Deuteronomy 29:9-30:20
The Day of Revelation
Symmetry is such a beautiful thing. First you say this, then you say that—and it’s as if the very act of speaking is inviting us to express ourselves in matching pairs. “Easy come, easy go,” we say, or “Ask not what your country can do for you, ask what you can do for your country.” Symmetry! This is as pleasing in biblical Hebrew as in modern English (as well as in virtually all languages, as far as I can see).
But sometimes in the Bible, asymmetry is the whole point. The fact that we’re so used to symmetrical pairs can sometimes obscure slight differences.
“Rise up, O you gates, and be raised up, O everlasting doors, and let the glorious king come in! …(Psalm 24:7)
“Rise up, O you gates, and rise up, O everlasting doors, and let the glorious king come in!…” (Psalm 24:9)
The difference between these two verses in Psalm 24 seems altogether trivial: the first verb says “be raised up” and the second verse says “rise up,” but in Hebrew these are near-synonyms, with the difference of a single letter. So why have generations and centuries of rabbis and cantors and ordinary Jews been careful to respect this difference when they read this psalm in synagogue, or even when they “think it aloud” at home? And yet, they do.

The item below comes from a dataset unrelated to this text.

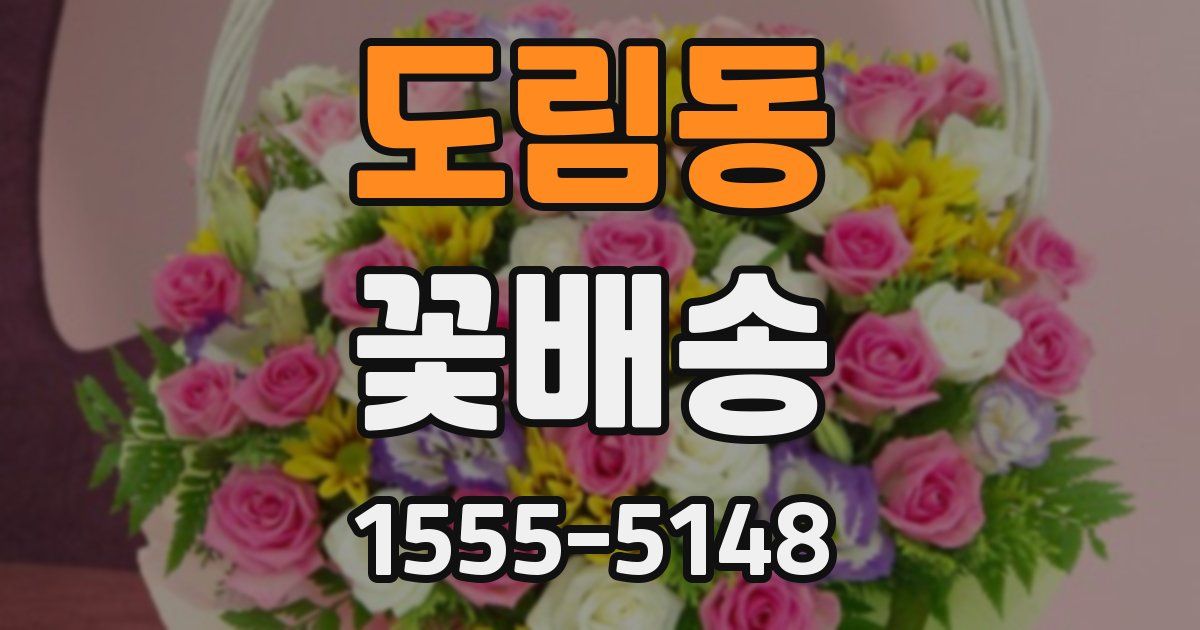 도림동 꽃배송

A similar—but more easily explainable—asymmetry occurs in this week’s Torah reading. It begins with Moses reminding the people that they have all been assembled to reaffirm the great covenant (or berit, “agreement”) that is to bind Israel to God forever by keeping His commandments. This covenant includes everyone, Moses says, from tribal officers and family hierarchies right down to a single, ordinary wood cutter or a water hauler. But this does not end the all-inclusive nature of this covenant and its sanctions. It also applies to “both those who are standing here with us today in front of the Lord our God as well as with those who are not with us today.”
This last sentence is somewhat puzzling. At first, “those who are not with us today” might sound like a polite euphemism for the dead. But surely God’s covenant with Israel is intended for people who are alive can do things—such as keeping the sabbath, observing the laws of kosher food, and so forth. So who are “those who are not with us today”?

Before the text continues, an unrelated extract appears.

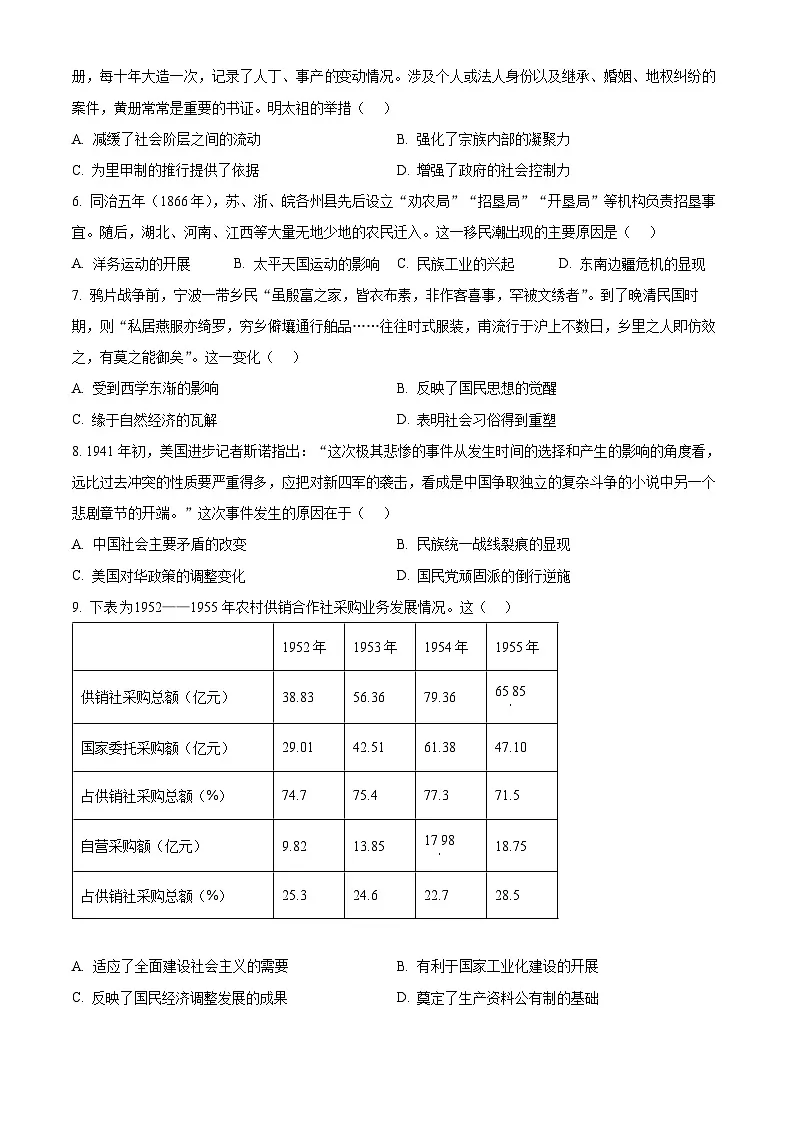 2025届河北省高三下学期模（高考模拟）拟预测历史试题（原卷版+解析版）第2页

It’s here that asymmetry comes in. The text doesn’t say “both those who are standing here with us today in front of the Lord our God as well as with those who are not <standing> with us today.” Actually, the word “standing” is missing from the second half of this sentence. This asymmetry is no accident: it means that even the unborn souls (who cannot be physically standing) will nonetheless be bound by the same covenant once they are born. In this sense, as Midrash Tanhuma points out, this means that all of Israel’s future prophets and sages stood together with Moses on one particular day, the day of the great revelation recounted in this week’s reading.